Download PDF of Walk

Walking Directions

1. From the entrance to Westons head uphill on the road for approximately 200m to a waymark post on your right.

2. Walk up the steps and follow the path, keeping the metal fence on your right.

3. Go through the metal gate and into our orchard. It is a great place for wildlife with old perry pear and apple trees. Walk across the orchard, bearing slightly right.  Look out for an old willow pollard. This is an important veteran tree providing a home for a variety of species.  Proceed to a metal gate into another orchard.

4. Note the wildflower field margins we’ve added to support wildlife. Turn right , keeping the hedge on your right.  Look out for the veteran oak tree in the hedgerow.  Walk past the rear of the Cider Mill site and bear left, reaching a gate on your right.

5. Cross the field to a pedestrian gate into a road (Watery Lane). Turn left and then right into another orchard, signposted on your right.

Shortened walk option – stay on the road and skip to point 10

6. Walk straight ahead through a couple of traditional orchards, separated by a stile, before crossing a further stile into a younger, ‘bush orchard’. Walk straight ahead through the gaps in the trees to the opposite side.

7. At the far end of the orchard cross a stile and bridge into a field. Bear diagonally left and head for the far left of the field. Pass through a wide gateway and continue with the hedge on your right.

8. The path crosses a stile and continues with the hedge on your left. Continue for approximately 50m looking out carefully for a bridge and stile through the hedge on your left. Cross this, and walk along the side of the field with the hedge on your left.

9. Continue straight ahead down a dark tunnel of trees. The woodland to your right is an older orchard showing you what can happen if the trees are left to go wild. When you emerge there is a house on your right and a tree plantation on your left. Walk straight up the track for 500m.

10. At the end of the track turn right onto the road.

Shortcut walkers can re-join here.

11. After approx 200m, the road sweeps round to the right, but take the left hand turn and follow this lane for a further 300m.

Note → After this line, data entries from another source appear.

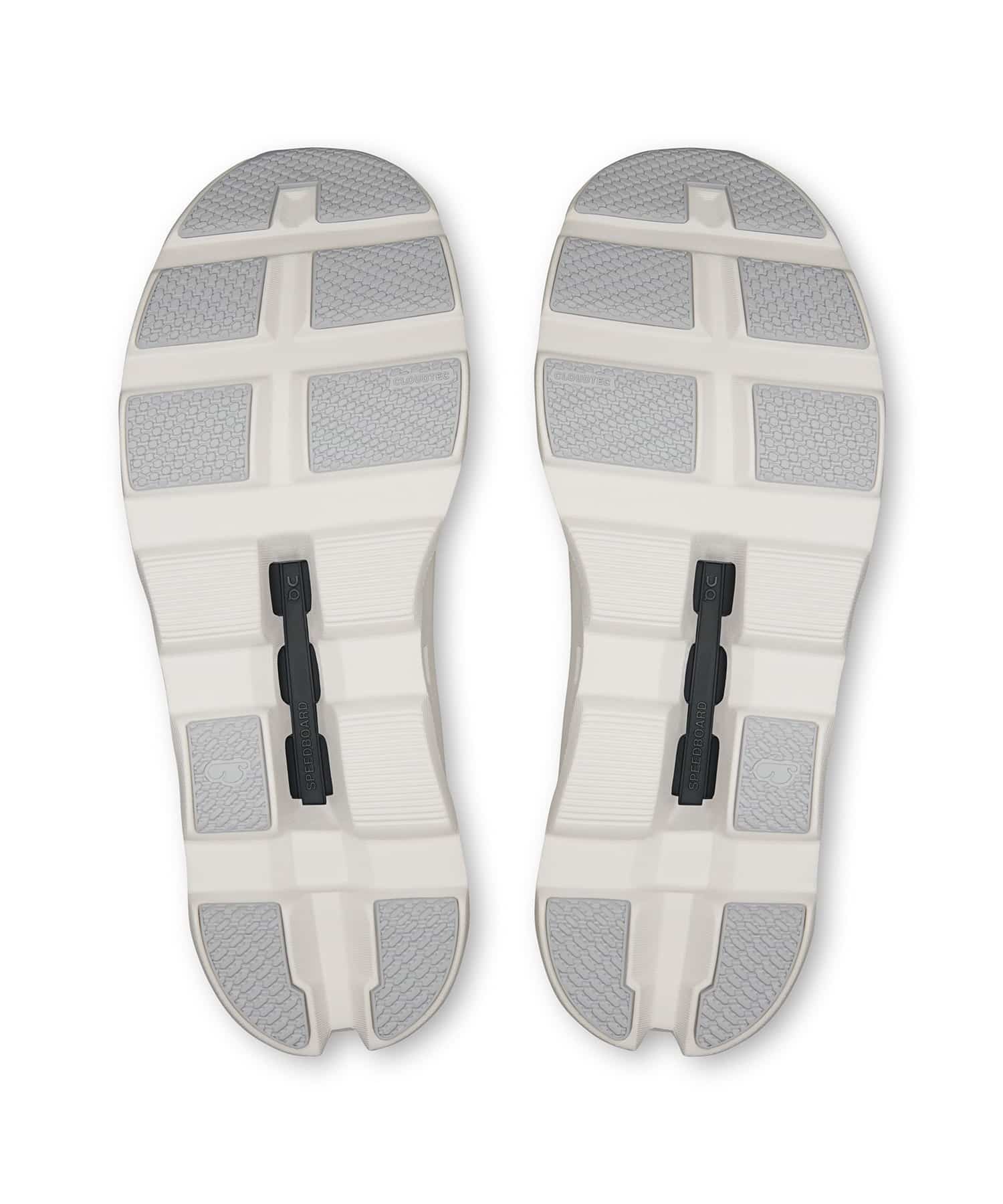 【NEW】 On オン スニーカー メンズ 厚底 Cloudmonster1 WHT 3MF30741200 26.0cm～28.0cm 7615537586816 【送料無料 北海道/沖縄/離島を除く】 WHITE 26.0cm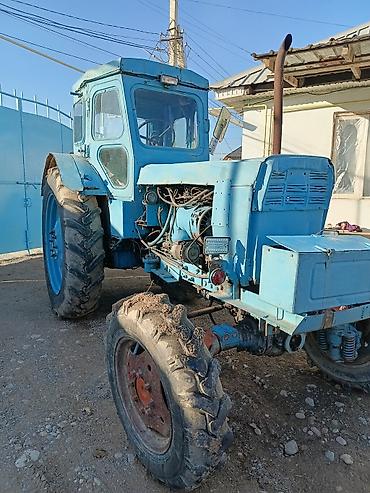 Другие тракторы: Трактор колесный, класс тяги около 1,4–2,0. Кабина закрытая с — 3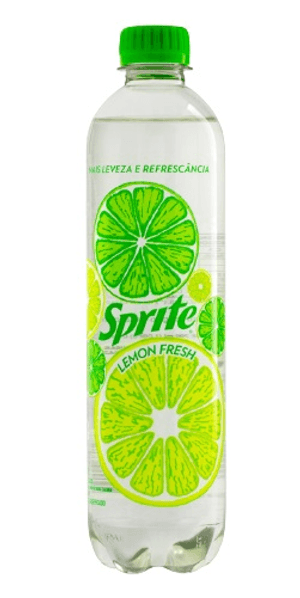 Produto Sprite fresh limao pet 150ml foto 1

11. After approx 200m, the road sweeps up and round to the right, but take the left hand turn and follow this lane uphill for a further 300m.

Shortened walk option – continue on the lane to the crossroads near Point 20.

12. At the waymark post on your right go through the gate, walk along the right hand side of the orchard and follow the fence as it turns steeply uphill for a short distance to a stile on your right.

13. Walk up the left hand of the meadow. This is a species rich grassland that is great for insects and other wildlife. Towards the top look back for beautiful views of the Malvern Hills and towards Ledbury.

14. At the top of the field cross over the stile and pass across a narrow bird cover crop and over the fence into a field. Turn diagonally left, heading towards the left of a green metal farm building. As you approach the far side of the field, look for a wooden stile in the hedge to your left.

15. Turn right up the lane for 200m before taking a track on your left immediately before the white building & house. Continue on this track for 200m.

16. Pass to the left of the imposing metal gates of Little Puckmore and into a field.  Walk round the field keeping the hedge on your left. On reaching the top corner of the field, look out for a stile in the hedge on your left.

17. Walk ahead with the hedge on your right (and some more great views of the Malvern Hills) for about 100m.

18. Look for a stile on your right and cross onto a track next to a contemporary built house. Walk down the track for a short way to reach a waymark post on the left.

19. Take the path downhill, passing close to a group of oak trees in the middle of the field.

20. When you reach the road, walk downhill for 400m back to Westons Cider Mill and the start point. Time for some well-deserved refreshments and a rest!

Herefordshire Wildlife Trust is the largest membership-based wildlife organisation in the county, dedicated to inspiring people about wildlife, acting as a wildlife champion and creating wildlife havens.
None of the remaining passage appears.